The Middle East, at a crossroads between Europe, Africa, and Asia, is playing an increasingly global role on the financial scene.
Today, the United Arab Emirates (UAE) serves as a financial hub in the region, with commerce, banks, and fintech operating out of Abu Dhabi and Dubai. UAE fintech is also leading in the region, with a market value of $ 2.5 billion in 2022, according to figures from the UAE Ministry of Economy. The UAE is also a major player in the remittance market with about 90 percent of the country’s total population foreign workers or expats.
Amid this boom, the UAE financial community was hit with a blow in February 2022, when the country was placed on the “grey list” of the Financial Action Task Force (FATF), the global anti-money laundering watchdog, for countries in need of “increased monitoring” of their AML/CFT regime. The deterioration to the grey list highlights the vulnerability of the UAE as a corridor for illicit transactions and sanctions evasions, notably with several other neighbors on the grey list (Jordan, Turkey, Syria, Yemen) and even blacklisted (like Iran). These issues are undoubtedly a concern for other neighbors as well such as Saudi Arabia and Bahrain.
On the bright side, countries on the list actively work with the FATF to address strategic deficiencies in their system to fight money laundering, terrorist financing, and other financial crimes.
Indeed, the UAE has made a high-level commitment to work with the FATF to strengthen the effectiveness of its AML/CFT system and resolve the identified strategic deficiencies within agreed timeframes under tighter supervision. The FAFT is expecting an improvement in areas such as the number and quality of STRs; greater use of financial intelligence to pursue high-risk ML threats; and proactively identifying and combating sanctions evasion, including by demonstrating a better understanding of sanctions evasion.

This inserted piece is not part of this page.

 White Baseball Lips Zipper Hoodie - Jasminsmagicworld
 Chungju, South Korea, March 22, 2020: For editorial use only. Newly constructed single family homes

As part of this effort, the UAE is also proposing to establish a national committee to allow sharing of strategic information and intelligence between the public and private sectors on suspected money laundering and terrorist financing activities, as well as develop best practices to fight financial crime.
On a recent visit to the region, I met with new customers and prospects to discuss how to use AI technology as a tool to help solve their AML challenges and better position them to transform into significant players in the regional and global financial market and growing fintech ecosystem.

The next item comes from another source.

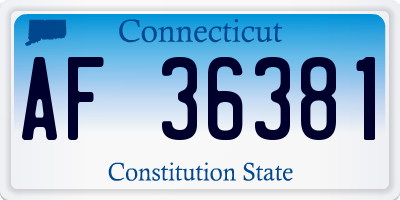 CT license plate AF36381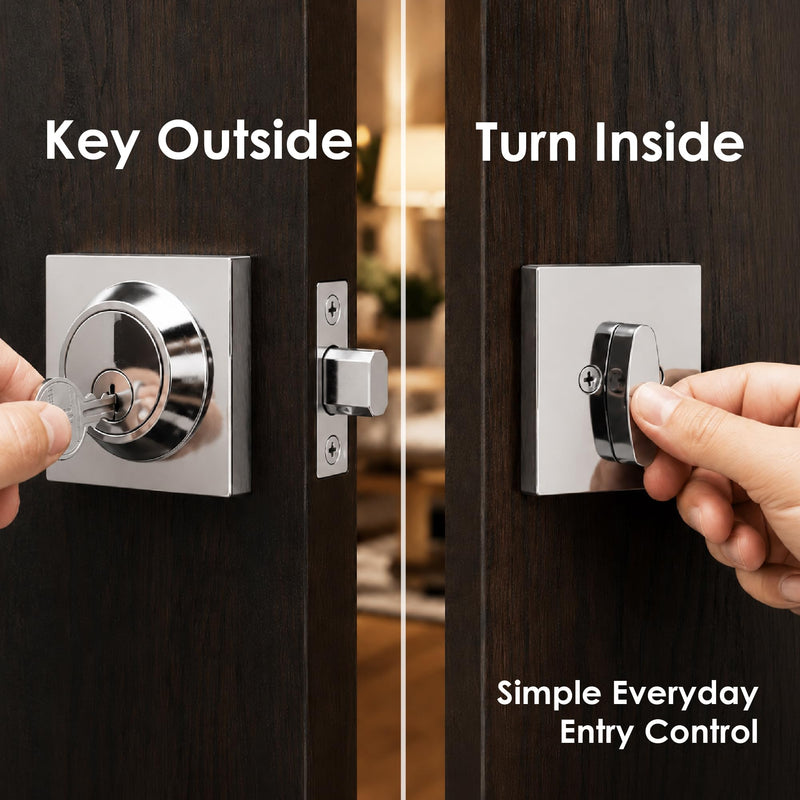 Mega Handles - SUANA Deadbolt I Entrance Deadbolt Lock - Heavy Duty Square Locking Deadbolt for Left or Right-Handed Doors - Interior/Exterior - Polished Chrome 1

Here are my impressions on how Middle East and North Africa FIs can benefit from adopting AI:
Middle East banks and fintech are looking to grow business and boost connectivity to the global financial system. As noted, they are faced with unique challenges due to their relative proximity to risky areas, exposing them to manipulation by sanctioned entities and terrorist groups using front non-listed entities.
By adopting AI-based solutions they are going to be better positioned to deliver effective and efficient AML programs. Using AI, true criminal financial activity can be detected in a timely manner, enabling compliance and FIUs to take quick action.
Therefore, by adopting AI, banks and fintech can instill trust into their operations, enabling them to onboard new customers that would be considered risky, and form relationships with financial institutions that would otherwise reject them. In this way, these FIs can accelerate growth and revenues, and expand the business into new areas and with new partners.
Open doors to growth
Once establishing trust by adopting a sophisticated AI approach to AML, the doors open to growth and new revenue streams. Fintechs and banks alike can expand their business into new areas and with new partners.
Financial services and jurisdictions considered as higher risk can be added to operations. With unsupervised and semi-supervised AI, unknown and emerging threats can be detected in a timely manner, giving fintech and banks the confidence to grow.
Today, the FATF is not just recommending, but prescribing the use of advanced technology to implement a risk-based approach that can improve AML/CFT efforts. Specifically, according to the FATF, artificial intelligence-based tools can analyze data accurately and help better identify emerging risks. Moreover, according to the FATF, technology has the potential to make efforts to combat money laundering and terrorist financing (AML/CFT) faster, cheaper, and more efficiently.
The use of AI-based, machine learning is therefore a smart way to handle AML today that can make a positive impact on AML programs, by strengthening the effectiveness and making high-risk ML threats a priority – this per the action plan to get off the grey list.
Improve risk coverage.
Using AI-based detection can detect new financial crime typologies and unknowns in their earliest stages. With new forms of cyber-automated financial crime surfacing constantly, having the most advanced AI-based technology will enable Middle East FIs and Fintechs to stay a step ahead and develop their platforms with confidence.
AI-powered technology for AML, especially “unsupervised” machine learning, learns the financial behavior of each customer, builds “normal” profiles, and detects unusual cases. In this way, hidden risks and “unknown unknown” typologies can be uncovered within the data. As a result, AI helps increase risk coverage and significantly reduces exposure to de-risking and fines.
In summary, as the Middle East becomes a key to the global economy- countries, economies and specifically-the financial sector is an important infrastructure, growth is dependent on trust between the regional players, the global banks, and regulators.